Excel is a program with a user-interface. R is a language for raw computing. Both can accomplish similar tasks, but R is much more versatile, stronger, and free. This how-to was created in R! We won’t unlock the true potential of R here, but this should help you get started.

How do I download R?

Remember, R is a language. For you to use R on your computer, you first need to download the language. Downloading the language is equivalent to teaching your computer how to speak R. Lucky for you, your computer can learn R much faster than you can learn Spanish. Teach your computer how to speak R here:

https://mirror.las.iastate.edu/CRAN/

Once you have downloaded the language, you should make it easier to communicate with your computer. Your computer now knows R, but you still don’t. If you want to communicate with your computer, but still have it do things in R, you should download a studio environment. The studio is a user interface that will allow you to use R, while keeping track of all your objects visually. Your computer has no eyes, but you do. A studio is for our humble human benefit. Download RStudio here:

https://rstudio.com/products/rstudio/download/

How do I start R for the first time?

Once you have downloaded R and RStudio, you are ready to open R for the first time. Let’s start by opening R.

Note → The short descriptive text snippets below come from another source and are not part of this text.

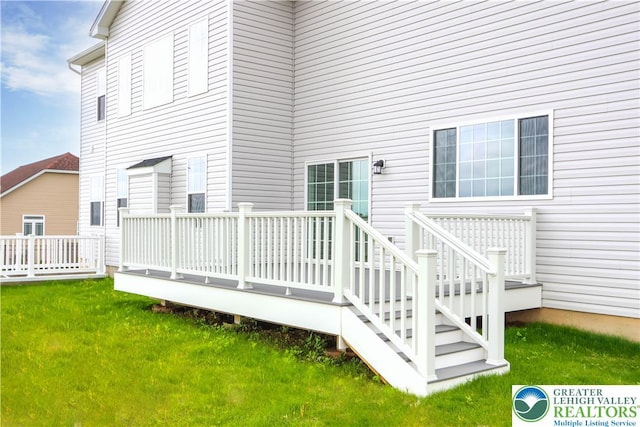 4779 Farrcroft Dr Unit 90, Forks Twp, PA 18040 - rear view of property with a wooden deck and a yard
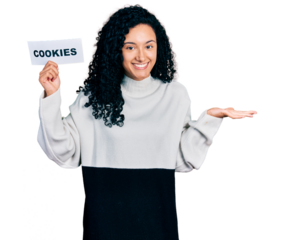 Young hispanic woman with curly hair holding cookies banner celebrating achievement with happy smile and winner expression with raised hand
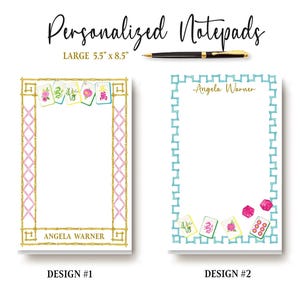 May include: Two personalized notepads, each 5.5" x 8.5", with unique designs. One features a gold and pink bamboo-style border with Mahjong tiles and the name "Angela Warner." The other has a turquoise border, Mahjong tiles, and dice, also with the name "Angela Warner."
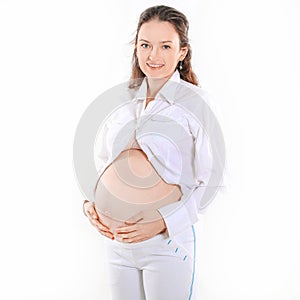 Smiling pregnant woman resting her hands on her tummy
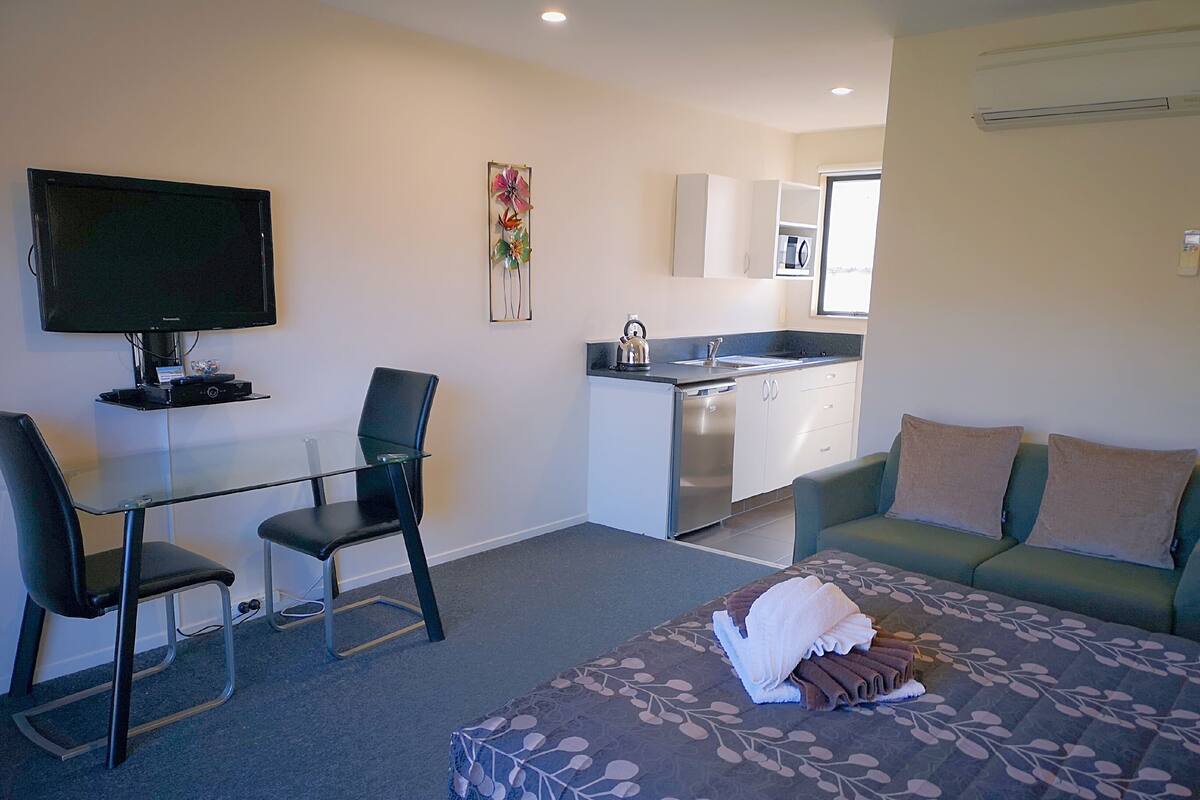 A compact hotel room with a bed, a TV, a small kitchenette, a dining area, and a sofa.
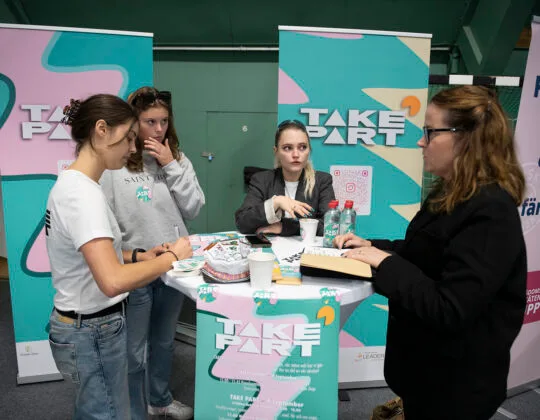 Fyra unga kvinnor står runt ett bor och pratar, runt om finns en massa Take Part-merch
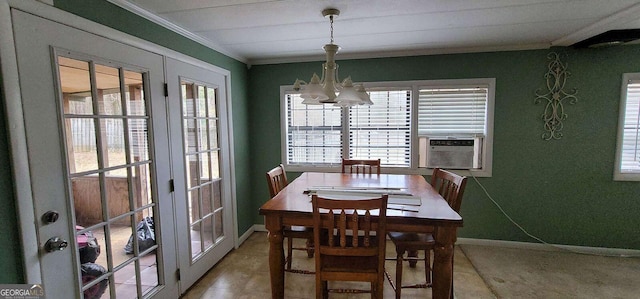 dining room with cooling unit, crown molding, tile patterned flooring, and an inviting chandelier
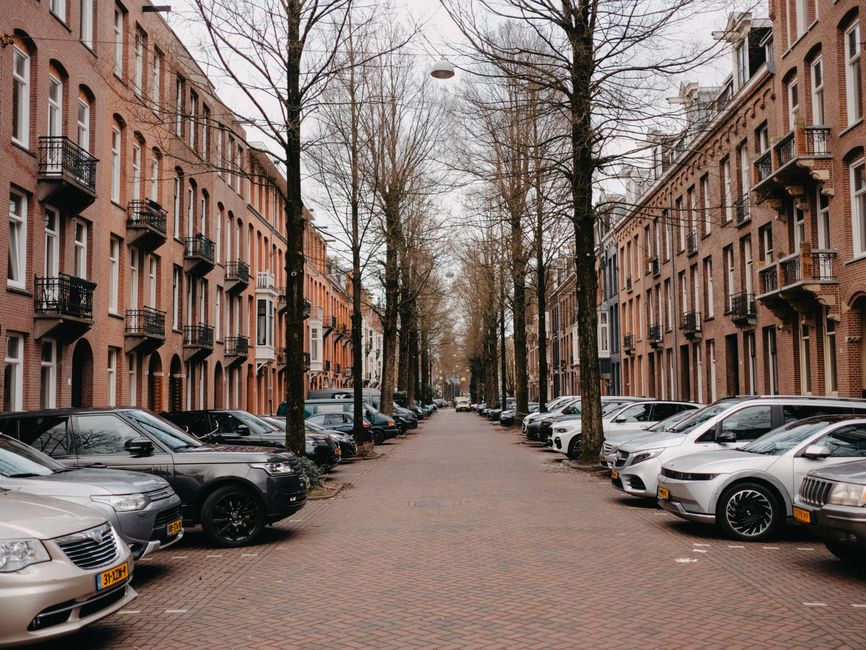 A picturesque Amsterdam street lined with brick buildings and parked cars, capturing urban charm.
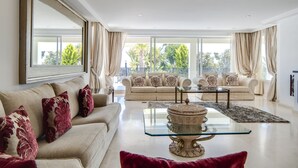 Amplia sala de estar con sofá color beige, una mesa de centro de vidrio y un ventanal con cortinas.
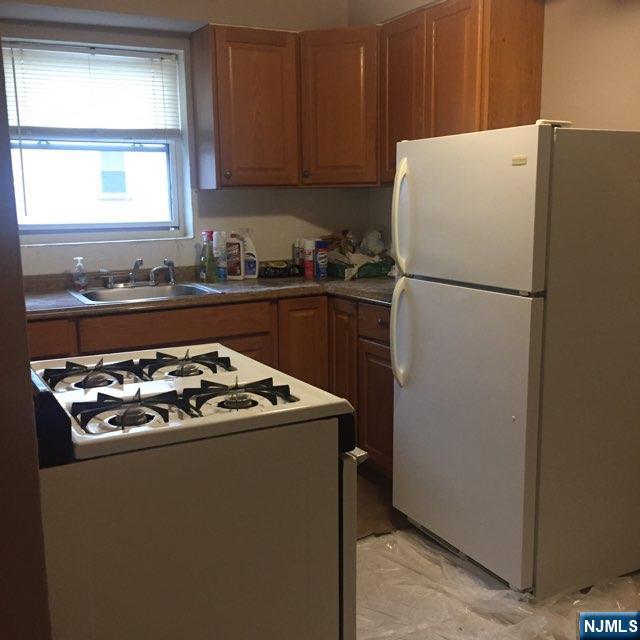 304 B Terrace, Unit 304B Hasbrouck Heights, NJ 07604 - Photo 2 of 2 a white refrigerator freezer and a stove sitting inside of a kitchen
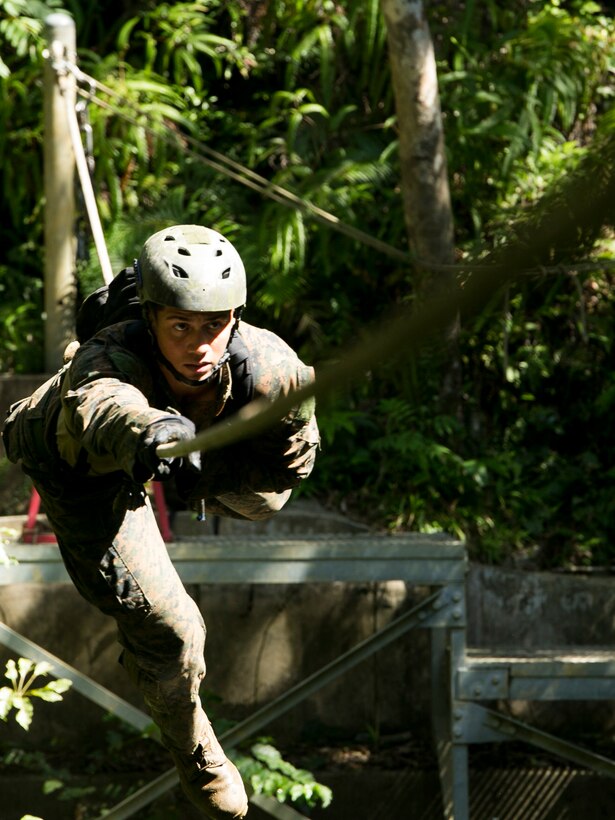 Cpl. Chance Sweatt, a Columbia, South Carolina, native, demonstrates how to properly cross the commando crawl obstacle July 20 during the Combat Endurance Course at the Jungle Warfare Training Center on Camp Gonsalves. The obstacle required students to tie a harness and crawl across a rope over a pond. Sweatt is an instructor at JWTC and infantryman with 1st Bn., 3rd Marine Division, III Marine Expeditionary Force. (U.S. Marine Corps photo by Lance Cpl. Brittany A. James/released)  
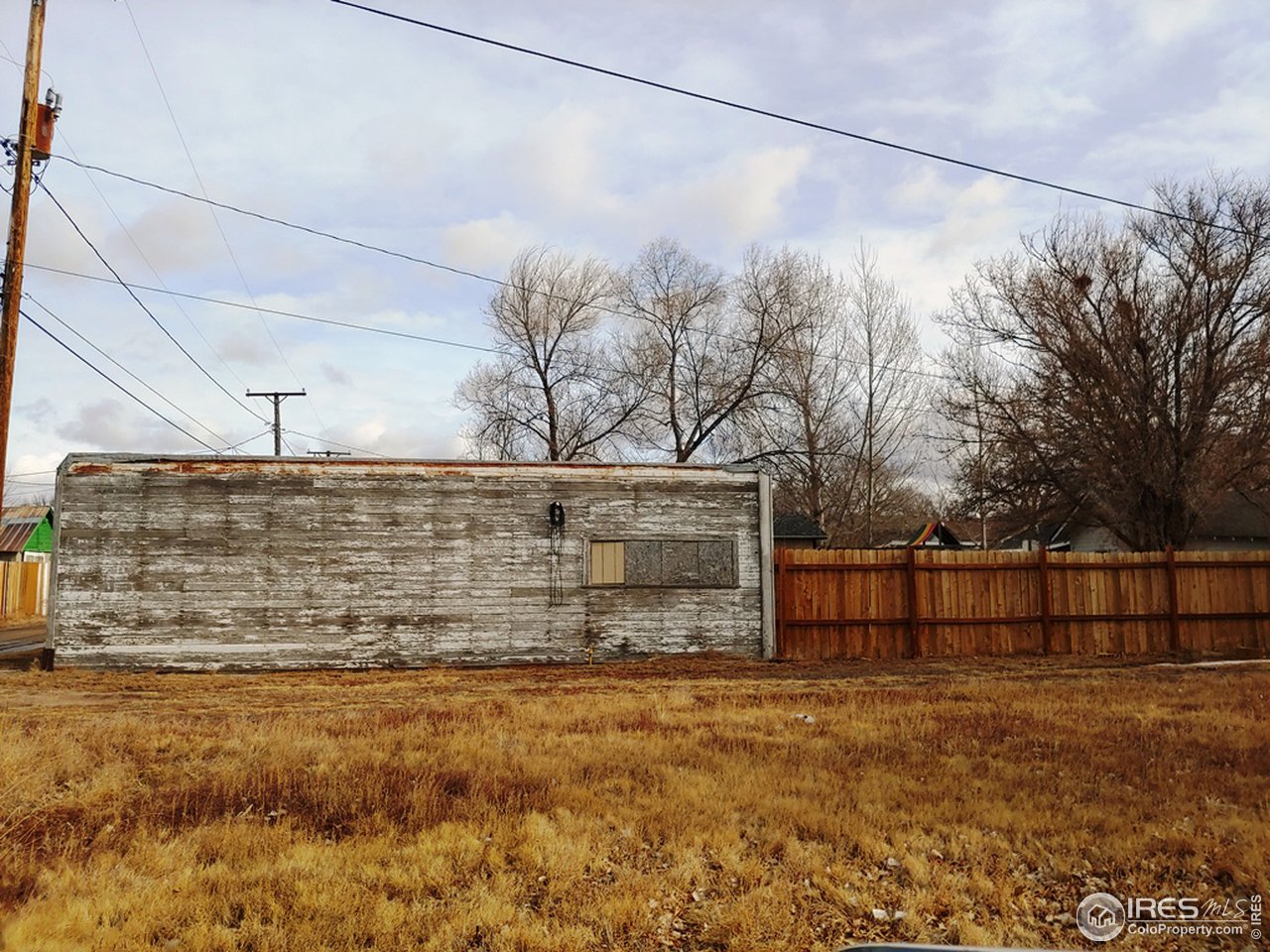 324 Platte Street Sterling, CO 80751 - Photo 17 of 18 a view of a backyard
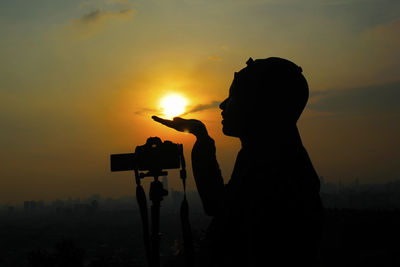 Silhouette woman photographing against sky during sunset
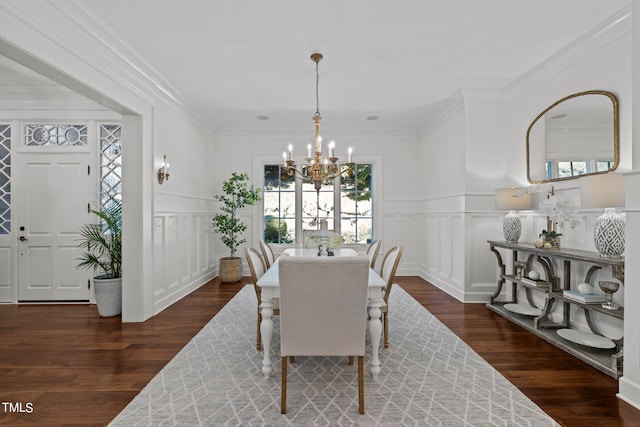 dining room featuring crown molding and dark hardwood / wood-style floors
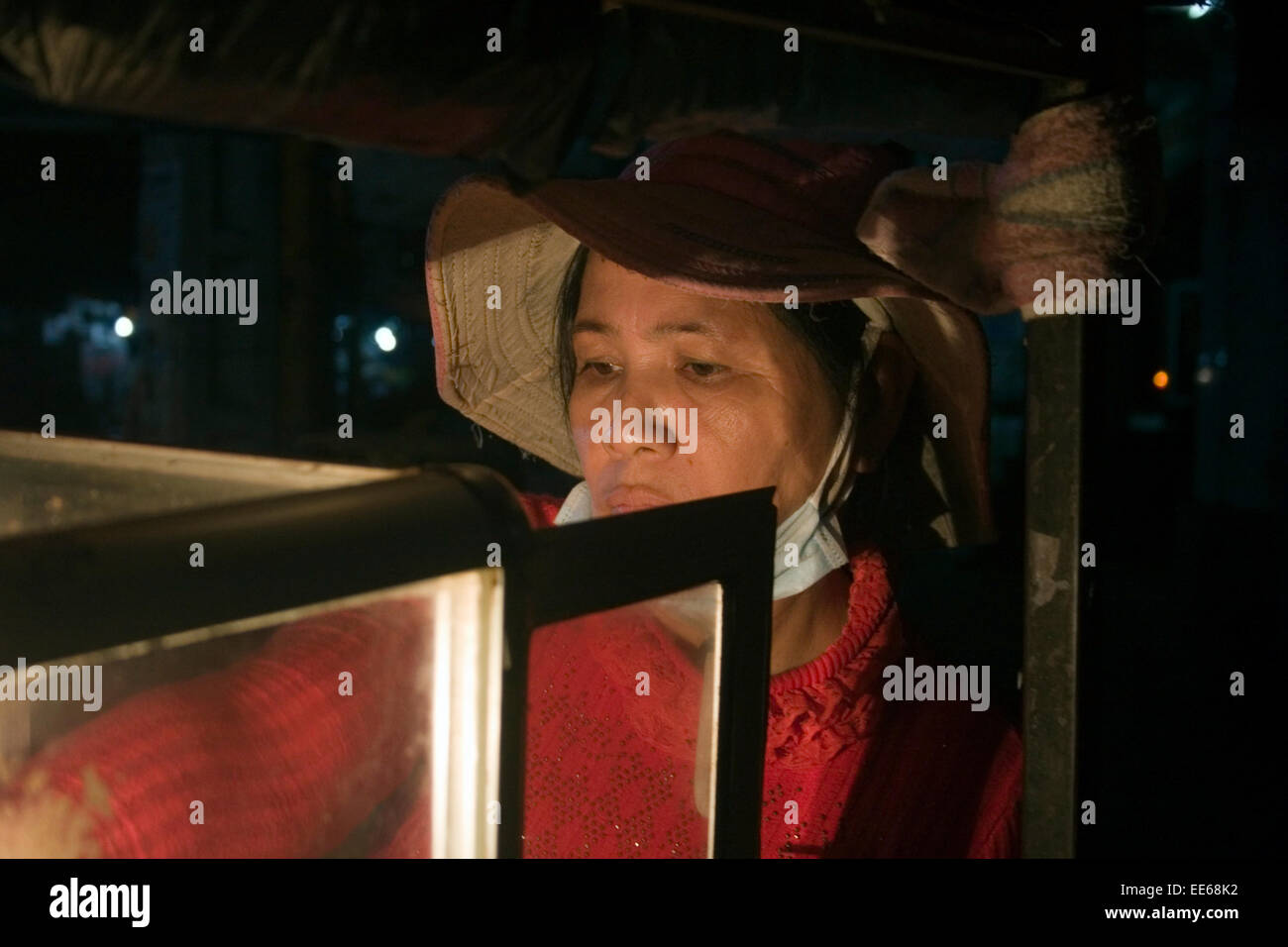 Straßenverkäufer Frau arbeitet in der Nacht auf einer Stadtstraße in Kampong Cham, Kambodscha. Stockfoto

On your computer, you will have two new R programs:

First, open R (the program simply called “R”). You will see:

This is the console: a window where you type commands, and the computer responds. Try typing the following into the console, then hit enter:

2 + 2

As you can see, R will recognize that you are asking what “2+2” equals, and will provide the output: 4. Try a few other simple math problems. Now close the R program and don’t ever open it again.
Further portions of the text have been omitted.